The U.S. Has No Strong Security Interests in Ukraine

  1. Ukraine is not a US ally, is distant from US shores, and holds little geopolitical significance.
  2. The United States should avoid entanglement in the Ukraine crisis, a conflict that could draw it into war with nuclear Russia.
  3. U.S.-Ukraine policy should encourage its settlement with Russia, not encourage it to continue the present conflict and become a perpetual ward of the US or EU – poisoning U.S.-Russian relations in the process.
  4. EU nations have a stronger interest in a peaceful and independent Ukraine – and should take greater responsibility for that outcome.

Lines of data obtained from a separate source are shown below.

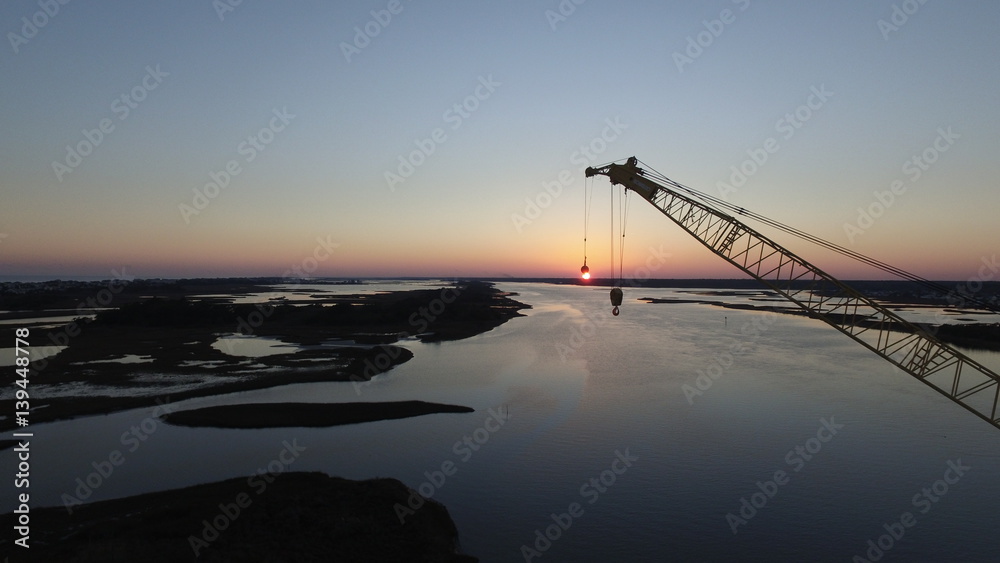 Aerial photo of a construction crane appearing to hoist the sun over the horizon. Aerial photo of a construction crane appearing to hoist the sun over the horizon.
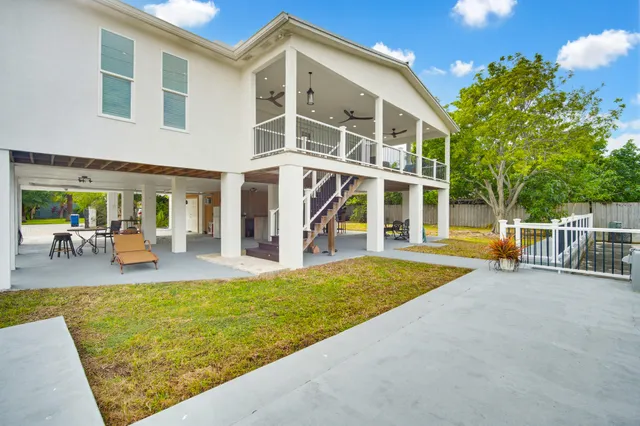an aerial view of a house with a yard lake house swimming pool and outdoor seating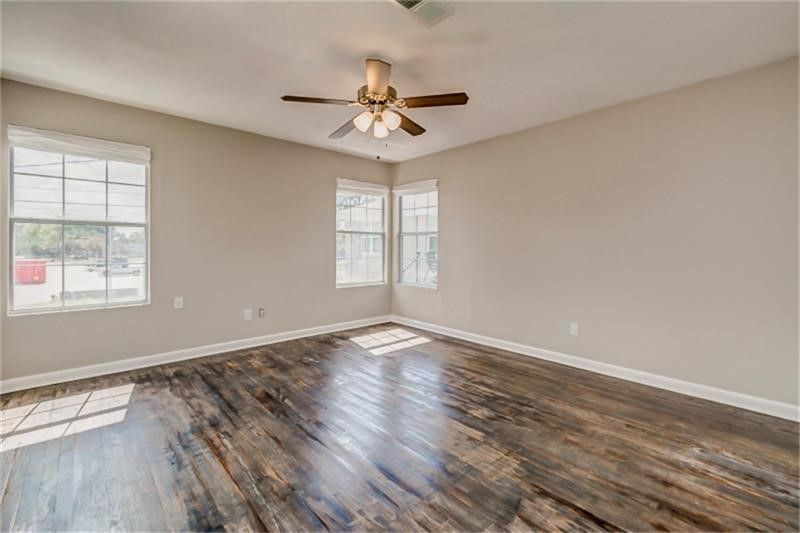 Room with rich hardwood floors, abundant natural light from multiple windows, and a ceiling fan for comfort.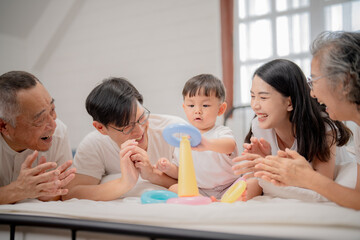 Family bonding time with a toddler playing and laughing together at home in a cozy setting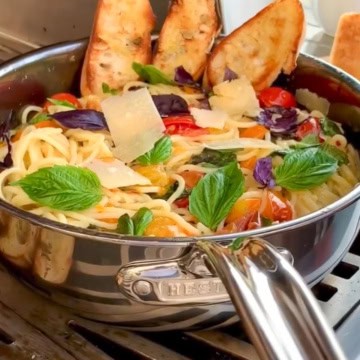 A large pan of cherry tomato spaghetti with garlic toast outside on a grill.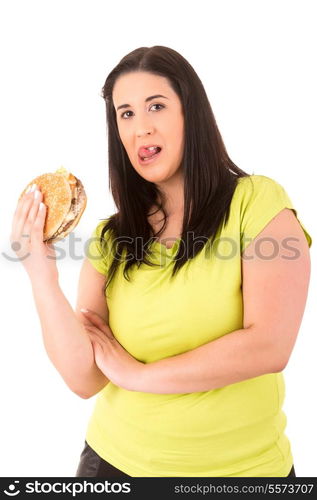 Beautiful large woman, trying to resist to an appetizing hamburger, which would kill her diet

Costs and Benefits of Providing US Military Support to Ukraine

  • Advocates for lethal aid to Ukraine argue it raises the cost to Russian military adventurism and discourages future land-grabs. But that assumes that additional Russian aggression is likely and won’t be encouraged by aggressive US tactics.
  • No amount of US aid to Ukraine will enable it to defeat Russia. But aid draws the US and Ukraine closer together, shifting more of Ukraine’s security burden to the world’s only superpower.
  • US aid promotes moral hazard: (1) It encourages Ukraine to take a harder line against Russia that it cannot maintain on its own, and (2) it discourages Kiev from seeking a settlement with Moscow, prolonging the crisis.